3. Hermanos y hermanas, Pueblo santo de Dios, ante las dificultades y los desafíos que nos esperan, la mirada de Jesús que bendice y que acoge nos impide caer en algunas tentaciones peligrosas: la de ser una Iglesia rígida ― una aduana ―, que se arma contra el mundo y mira hacia atrás; la de ser una Iglesia tibia, que se rinde a las modas del mundo; la de ser una Iglesia cansada, replegada en sí misma. En el libro del Apocalipsis, el Señor dice: “Yo estoy a la puerta y llamo, para la puerta sea abierta”; pero muchas veces, hermanos y hermanas, Él llama a la puerta, pero desde dentro de la Iglesia, para que dejemos salir al Señor con la Iglesia a proclamar su Evangelio.

Caminemos juntos: humildes, ardientes y alegres. Caminemos siguiendo las huellas de San Francisco de Asís, el santo de la pobreza y la paz, el “loco de Dios” que llevó en su cuerpo los estigmas de Jesús y, para revestirse de Él, se despojó de todo. ¡Qué difícil es esta expoliación interior y también exterior para todos nosotros y también para las instituciones! San Buenaventura cuenta que, mientras oraba, el Crucifijo le dijo: «Ve y repara mi iglesia» (Legenda maior, II, 1). El Sínodo sirve para recordarnos esto: nuestra Madre Iglesia tiene siempre necesidad de purificación, de ser “reparada”, porque todos nosotros somos un Pueblo de pecadores perdonados ― ambas cosas: pecadores perdonados ―, siempre necesitados de volver a la fuente que es Jesús y ponernos de nuevo en los caminos del Espíritu para alcanzar a todos con su Evangelio. Francisco de Asís, en un período de grandes luchas y divisiones, entre el poder temporal y el religioso, entre la Iglesia institucional y las corrientes heréticas, entre cristianos y otros creyentes, no criticó ni atacó a ninguno, sólo abrazó las armas del Evangelio, es decir, la humildad y la unidad, la oración y la caridad. ¡Hagamos lo mismo también nosotros! Humildad y unidad, oración y caridad.
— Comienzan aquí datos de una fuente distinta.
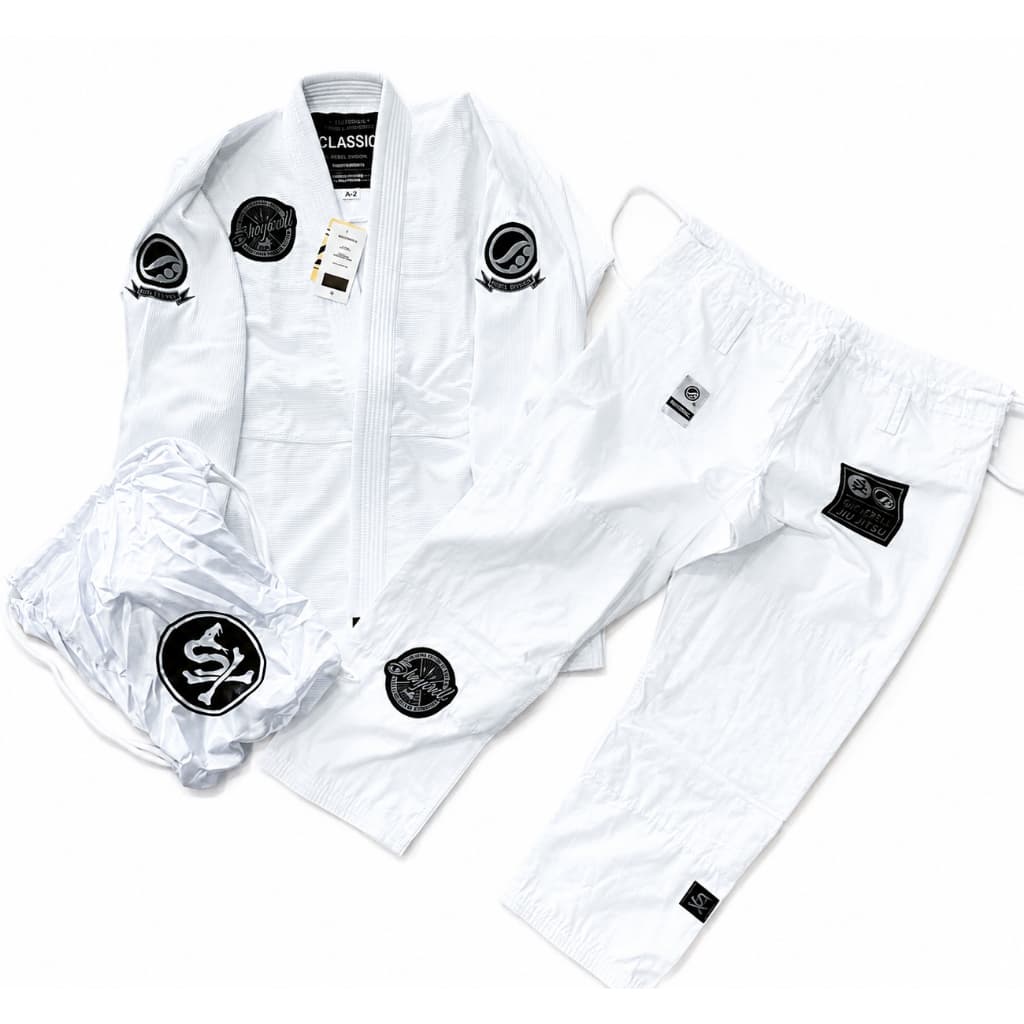 Kimono Shoyoroll Rebels Classic Branco BJJ Jiu-Jitsu Premium Com Bolsa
Y si el Pueblo santo de Dios con sus pastores, de todas partes del mundo, alimenta expectativas, esperanzas e incluso algunos temores sobre el Sínodo que comenzamos, recordemos una vez más que éste no es una reunión política, sino una convocación en el Espíritu; no un parlamento polarizado, sino un lugar de gracia y comunión. El Espíritu Santo, después, a menudo deshace nuestras expectativas para crear algo nuevo, que supera nuestras previsiones y negatividades. Quizá puedo decir que los momentos más fructuosos del Sínodo son los de oración, también el ambiente de oración, con el que el Señor actúa en nosotros. Abrámonos a Él e invoquémoslo a Él: Él es el protagonista, el Espíritu Santo. ¡Dejemos que Él sea el protagonista del Sínodo! Y con Él caminemos, en la confianza y con alegría.